New fiber optic wires can carry a two-hour movie in 31 millionths of a second. Hedge funds already make trades in a fraction of that time. And when you pay a bill online, money disappears from your account at high velocity.
So why does money take so long to appear in your account? Why, when you want to move cash from one account to another, is it faster to walk it there -- even if it's a really long walk?
Behind every check written, card swiped and paycheck delivered is an antiquated payment system that isn't real time. About $80 trillion a year flows by fits and starts through a Rube Goldberg-like set of interlocking payment networks. The most prominent is the Automated Clearing House, or ACH, now celebrating its 40th birthday. These networks carry funds electronically, yes. But they often only sync up with banks once a day. In other words, if you miss today's only flight off Kiribati, then you have to wait for tomorrow's.
It can take a customer of a U.S. bank more than three days to transfer funds to another U.S. bank. Banks haven't seen an advantage in speeding that up, even though the lag is painful for businesses and families. Purchases don't always clear before a store owner has to pony up for more inventory. Families get hit with overdraft fees when checks really are in the mail.
The old networks are even slowing down new, real-time networks. Technically, digital money is no different than bits in an email. Networks like PayPal, Google Wallet and Venmo treat money the same way and with the same speed as email. Then these speedy networks hit a wall: the old, leisurely banking networks. Roommates paying rent or diners splitting a check can swap money on Venmo in seconds. But then they might wait two days for it to transfer over to their bank accounts.
Not only do the U.S.'s almost-7,000 banks wait to settle transactions with each other in batches, they only work business days. Even if your money catches today's flight, in other words, it can miss a connection and spend all weekend in limbo.
What the U.S. needs, the Federal Reserve said last month, is an entirely “new infrastructure” to keep banks connected day, night and through the weekend. Then last week, the Clearing House, a group owned by the largest banks, said it would build a real-time payment network. It didn't specify a time frame or release cost estimates. It did say your bank would credit your account immediately and settle up with the payer's bank later. The Fed estimates businesses could save $10 to $40 billion with a more efficient network.

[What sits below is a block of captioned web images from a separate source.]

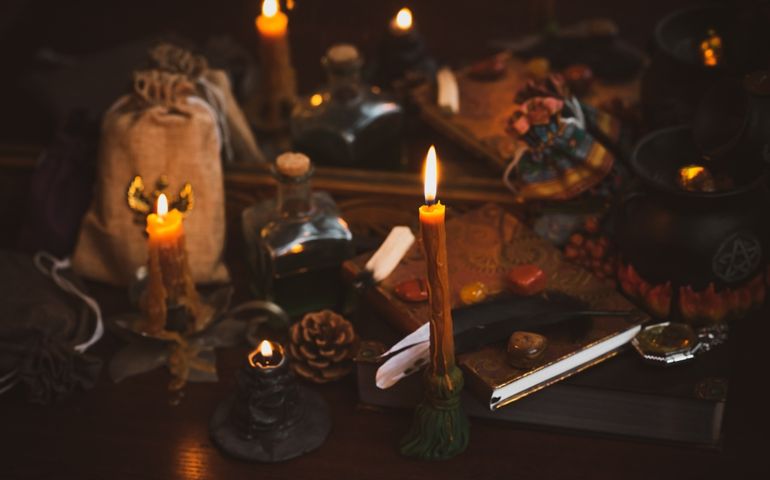 Subjects of the school of magic....candle light Scarf, magic stuff, book of spells dark background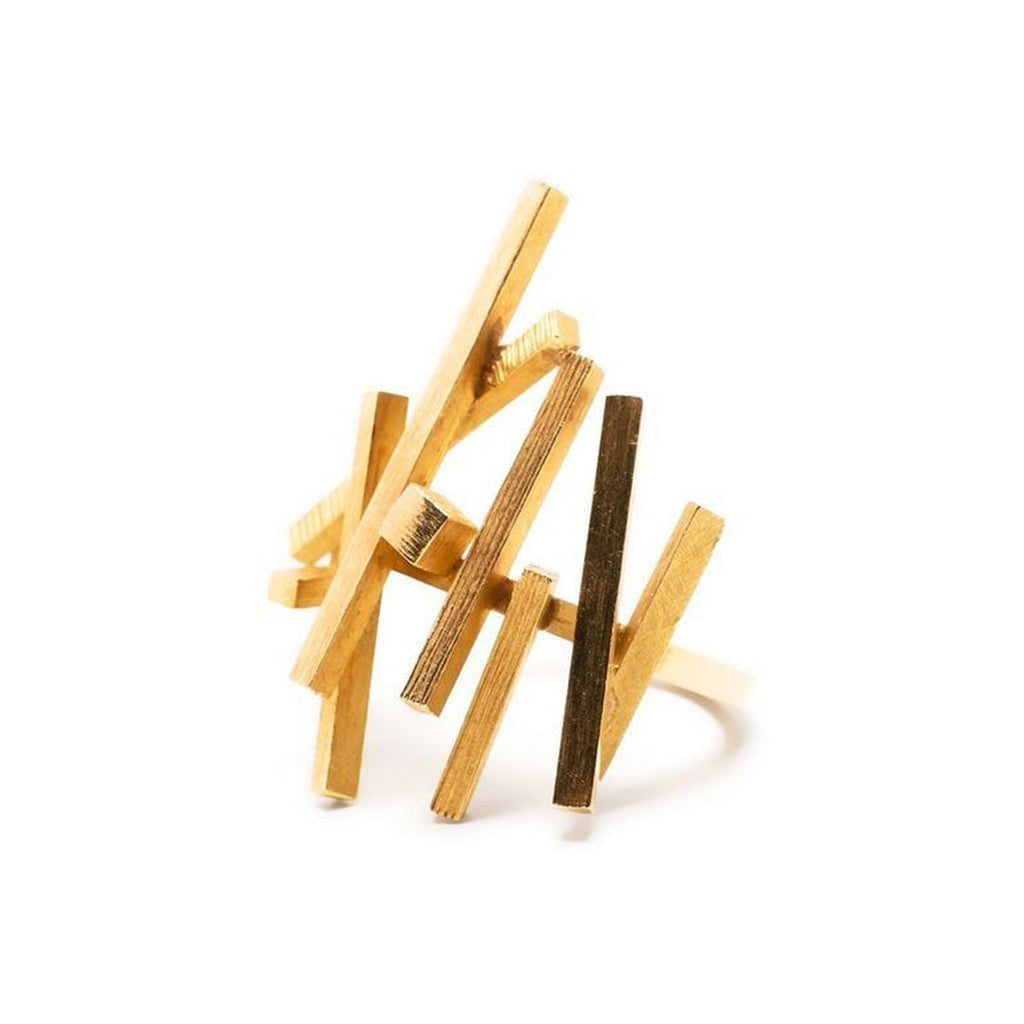 Vintage Finds 1970's overlapping rods ring featuring layered metal bands and a retro design, close-up view of the jewelry piece.
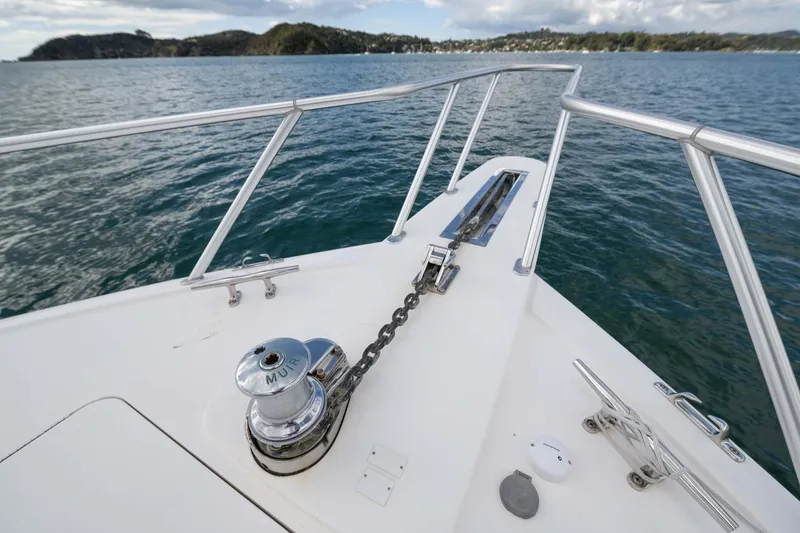 Slide: The Image of Bow of 2007 Viking 64 Convertible yacht with anchor chain, on calm water. - 44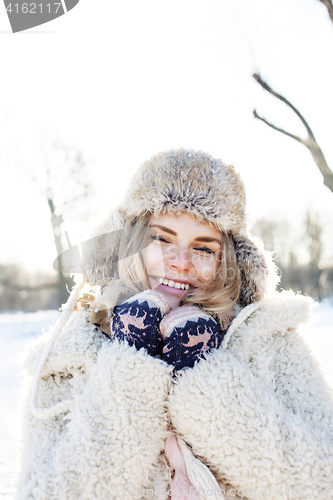 Image of young pretty teenage hipster girl outdoor in winter snow park having fun drinking coffee, warming up happy smiling, lifestyle people concept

It could spur lots of other innovations -- or what seems like innovation in the laggard world of electronic funds. A farmer dropping off lettuce at a restaurant could go home to find payment already in his account, for example; he would have the money as instantly as he did in Roman times when cash was king. Better yet, if money moved faster, struggling businesses and poor families would have more wiggle room to manage cash and stay out of debt.
Banks have been procrastinating on an upgrade. They worry changing over 1970s-era networks will be a big hassle. A 24/7 system will need to sync with bank's old batch systems, which are designed to need maintenance on Sundays. And, if popular enough, real-time payments could threaten banks' annual collection of $30 billion in overdraft fees and more than $12 billion in card fees.
Three dozen other countries already have a real-time payment network. Either governments forced banks to speed up, or private networks saw a business opportunity. Japan's is more than 40 years old. Meanwhile, 316 million Americans wait for a time when computers and fiber optic cables will be as fast as old, cold cash.